Just another guy here, wanting some help with my girlfriend. Now my girlfriend wants to lose some weight and she has started lately watching her diet and cutting out sweets. However, at the moment she doesn’t have much time for the gym plus working 25 hours a week. But the problem is she wants to do it(slim down) but she doesn’t believe she can do it.

She says that when he has tried before nothing has worked and she always stays the same. But, I asked her if previously she truly worked her hardest and she basically started crying. As I probably didn’t word it the best. But all I want her to do is realize it’s going to take work and not happen overnight and that nothing is impossible. But, she has poor body image of herself and doesn’t think she’ll ever change. What can I do to try and brighten her outlook!

you need to love your girlfriend the way she is. She needs to want to change and until that time (the time where she is more uncomfortable with herself then the process of changing) things will remain the same. And its not for you, or anyone else to try to change that/judge that/fix that. It just wont happen.

The best thing you can do to help is believe in her and let her do it on her own. Its not your job to change/advise/motivate another person, especially one you’re romantically involved with. Don’t help unless she asks SPECIFICALLY, and even then, don’t get involved personally. EX- She wants to know good cardio routines, send her here so she can do her own research and you weigh in with your own experience, NOT opinion. The less you’re involved in the physical process the better.
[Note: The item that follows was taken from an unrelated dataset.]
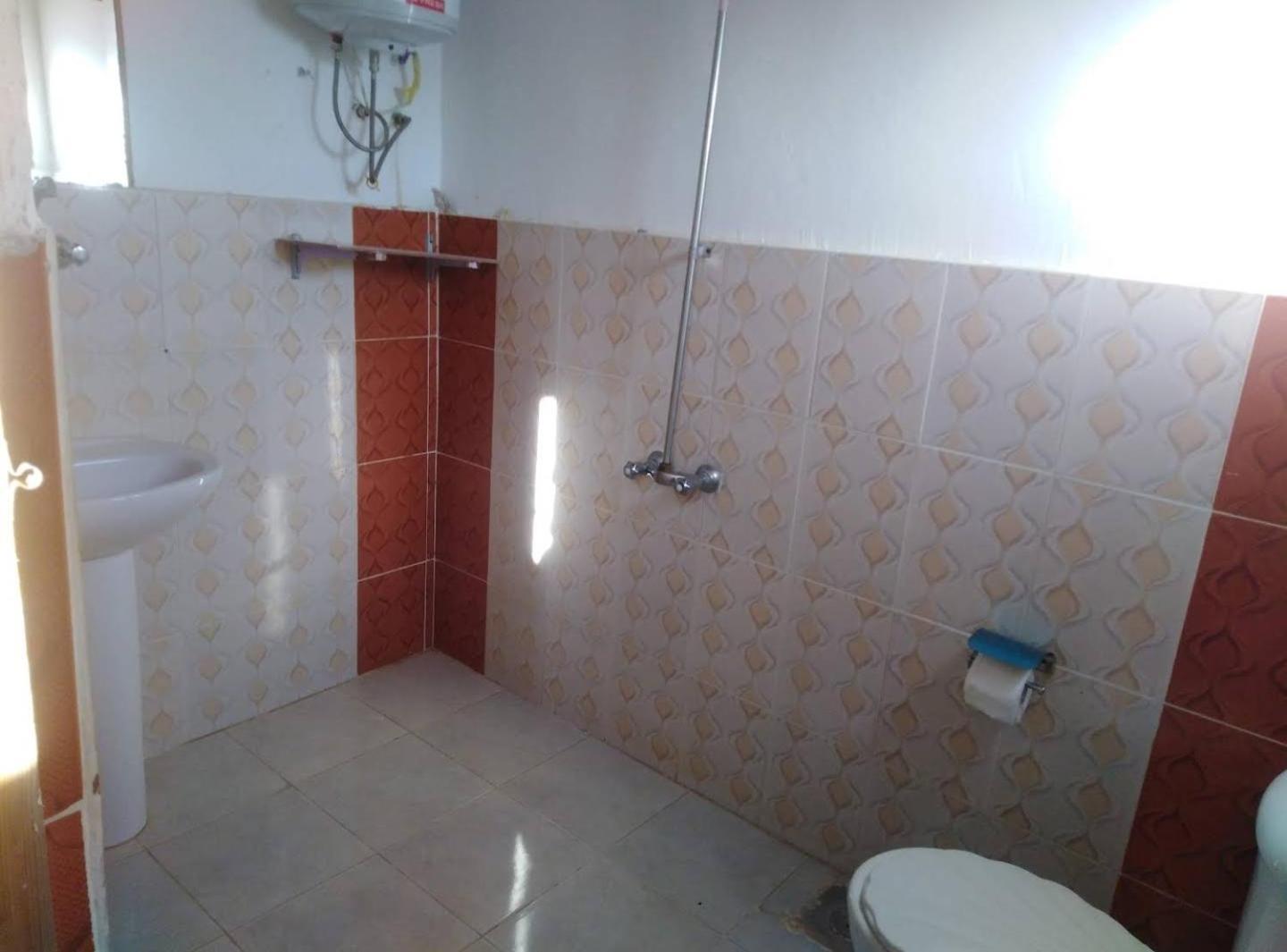 Acacia Camp Hotel Nuweiba Ngoại thất bức ảnh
That being said, where you can help the most is in the emotional process. Women crave feeling safe, especially during times of uncertainty, (like not being happy with the way you look). Tell her she’s sexy and beautiful. She doesn’t NEED to change, especially for you. (If that’s not true, don’t say it). Tell her you respect her for wanting to change and improve herself and her life, that you admire her courage to begin what can seem like an impossible task. Let her know you support her and whatever she decides makes her happy.
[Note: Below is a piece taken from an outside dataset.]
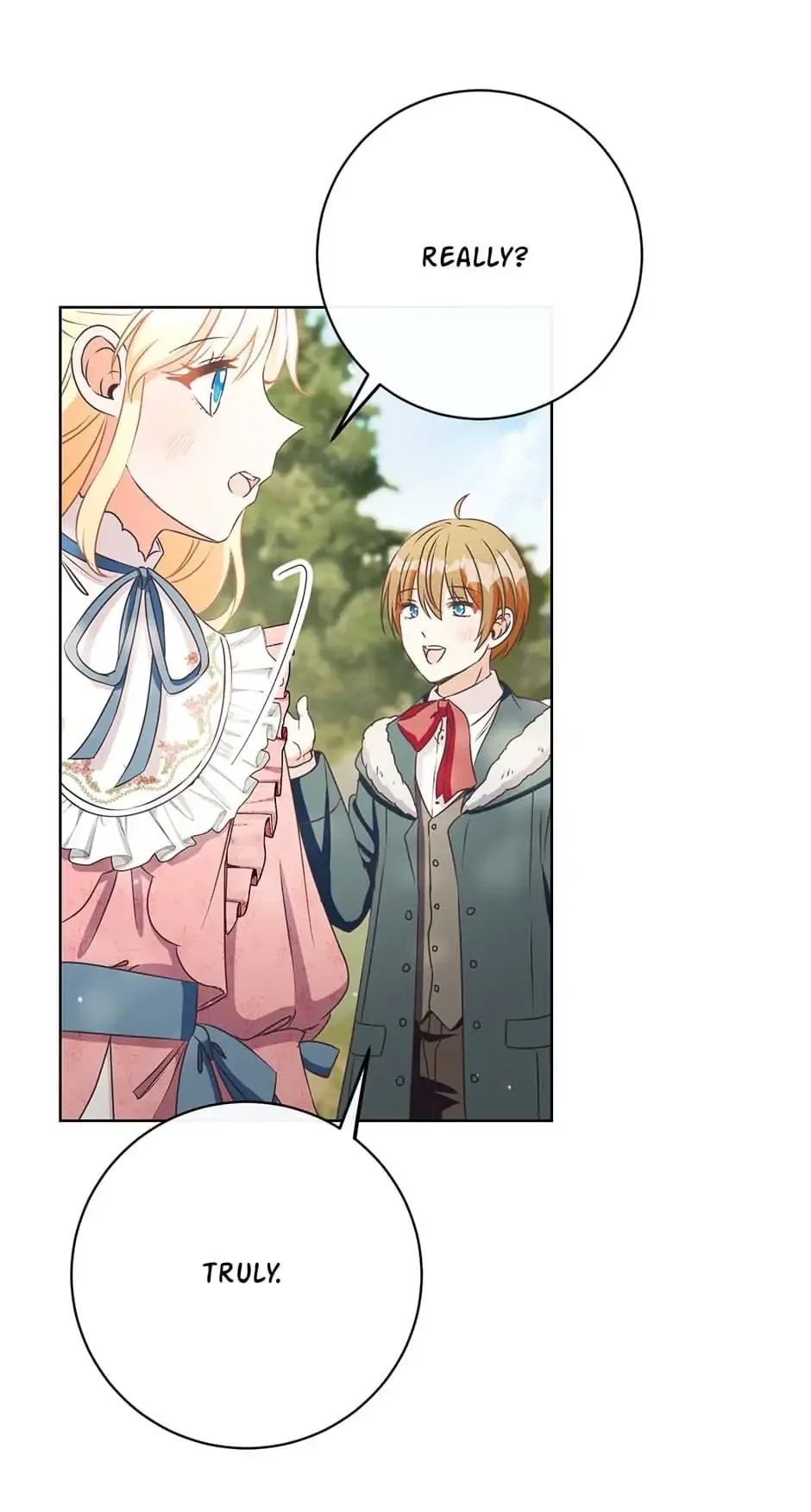 I Will Remove Them From My Life Chapter 47 page 31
Then stand back and let her be.

You are juggling blood and fire here, Young33. If you are after some real tension in the relationship, keep trying to get her to change.
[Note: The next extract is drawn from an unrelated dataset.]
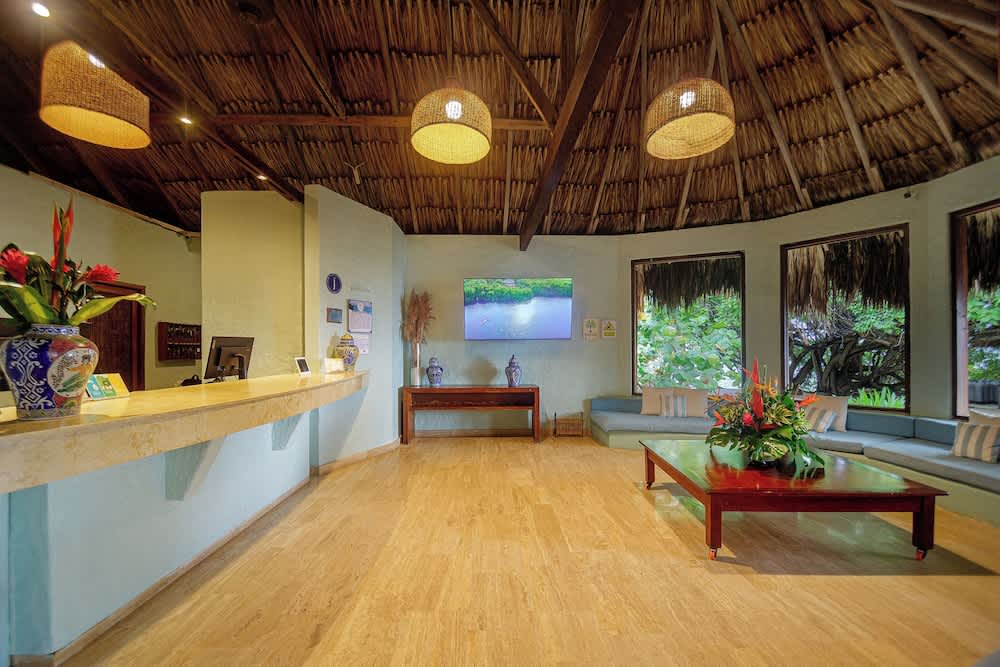 Hotel San Pedro de Majagua 2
The only thing that I’ve found to work is backing off and leading by example.

Agree with twojar here. As a woman, I feel quite comfortable in saying most of us have body image issues. The best thing you can do for your girl is love her, workout yourself (BY yourself - it’s a rare couple that can train together) and eat well. Be a good example, but don’t try to force your choices on her.

And I’ll add that “leading by example” has not, for me at least, “worked” in the sense that it has produced any real results with her. What it has done is…

Get her to do wall squats (on her own).

Get her to do some some light dumbbell work, (again, with no goading from me).

Put some more thought into her snack/junk food hiding spots (either to keep the temptation away from me or to hide her bad diet choices from me, I’m not exactly sure).

These are all positive steps that she has taken on her own. I just leave it at that and do my thing.

On the positive side, she’s adjusted to how MY changes affect her, and no longer gives me grief for prioritizing workouts over [insert couples activity here]. She no longer complains when I prepare healthy meals instead of something fried or from a bag.

It has been a process for me. I wish there was some magic solution, but there does not seem to be.

Women. Whaddaya gonna do?

[quote]coyotegal wrote:
you need to love your girlfriend the way she is. She needs to want to change and until that time (the time where she is more uncomfortable with herself then the process of changing) things will remain the same. And its not for you, or anyone else to try to change that/judge that/fix that. It just wont happen.
[/quote]

Bingo.

I’m always dumbfounded by guys who pursue non-fit women then try and turn them into a hardbody.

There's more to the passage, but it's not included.